We then went to the national museum, which is a large ultra-modern building that rather resembles a World War Two bunker built out of broken lego. About its walls it has giant braille dots, presumably to cater for any visiting blind people with extremely long arms and gigantic hands (we were told later by a curator that the braille spells out various Aussie phrases such as "G'day"). Before venturing inside we grabbed a coffee and sat outside in the brilliant winter sunshine, by the artificial Lake Burley Griffin (named after the chap who designed it), having a cigarette.
Suddenly we were aware of the thwok-thwok-thwok of yet another helicopter. "It's the Smoking Police!" said M, since we suspected that smoking within X metres of a public building was almost certainly illegal in the capital of this hyper-regulated country. It hovered over the lake, making patterns on its still waters. Then we heard a mournful honking in the distance, and a long line of trucks began slowly over the bridge in the distance. Hardy looking men stood on the backs of the trucks, and they were flying large orange flags. I thought of recent events in Ukraine. Clearly the residents of Canberra had had enough of all this safety and cleanliness. Or perhaps the odious John Howard. Or both.

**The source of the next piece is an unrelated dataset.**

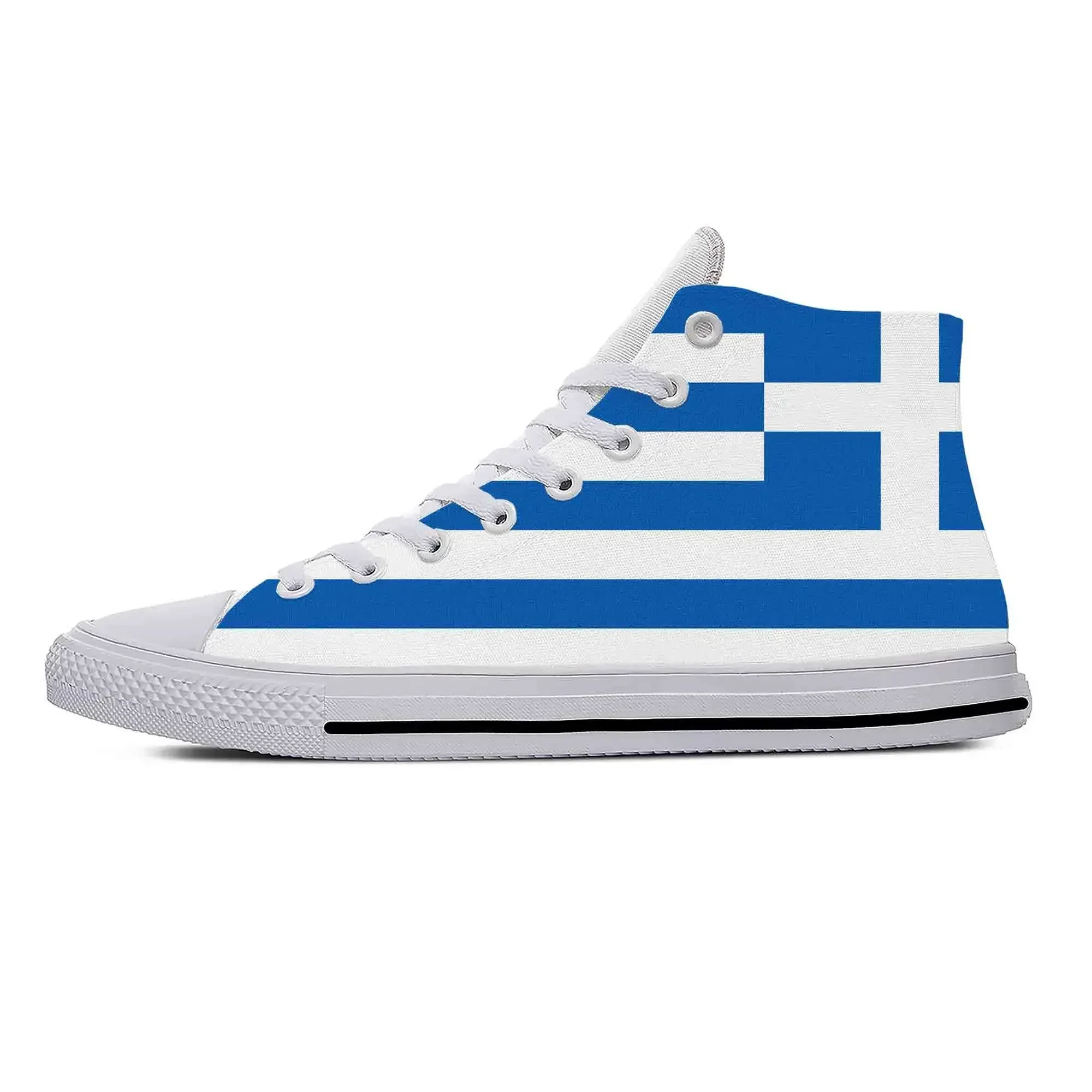 Helleense Griekse Griekse vlag - Men'S Fashion Greece recensie en prijs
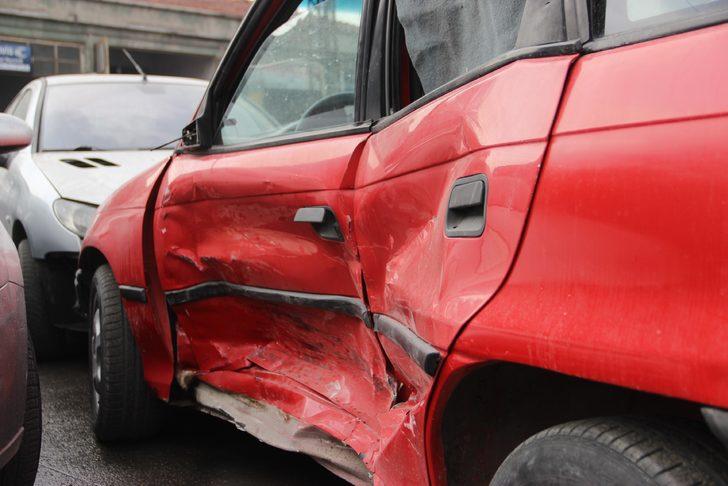 Sıfırına gücü yetmeyen vatandaş çareyi çıkmada buluyor G2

"My God," I said. "It's the Revolution."
Alas, because this is Canberra, it was nothing so exciting. We learned later that it was a protest about farm subsidies heading to Parliament. Not that there are too many subsidies, as is the trend in the rest of the world, but that the farmers in Australia want them too, since like Africa and South America they're having problems competing against US and European subsidised produce. Strikes me that it would be better in the long term to get the US and Europe to drop their subsidies and allow the third world, and Australia, to compete on a level playing field, but I guess that isn't the sort of consideration you're thinking of when the price of wheat drops through the floor and you might not make any profit this season.
The museum's architecture grew on me once we were inside. It was a good exhibition, though not quite linear in its storytelling, and with very heavy emphasis on aborigonal and Torres Island Straits islander cultural artefacts, rather than the exact story of what they suffered and are still suffering. Then we had lunch at the Botanic Gardens, which was charming.
We spent another evening with my cousin's family, this time opting to sleep on their living room floor rather than in the campervan, since there was a frost of -4 predicted for the morning. The next day we headed off towards Parkes, a little country town famous for being the site of a huge radio antenna that broadcast the first images of Apollo 11 walking on the moon, an event immortalised in the gently charming film The Dish.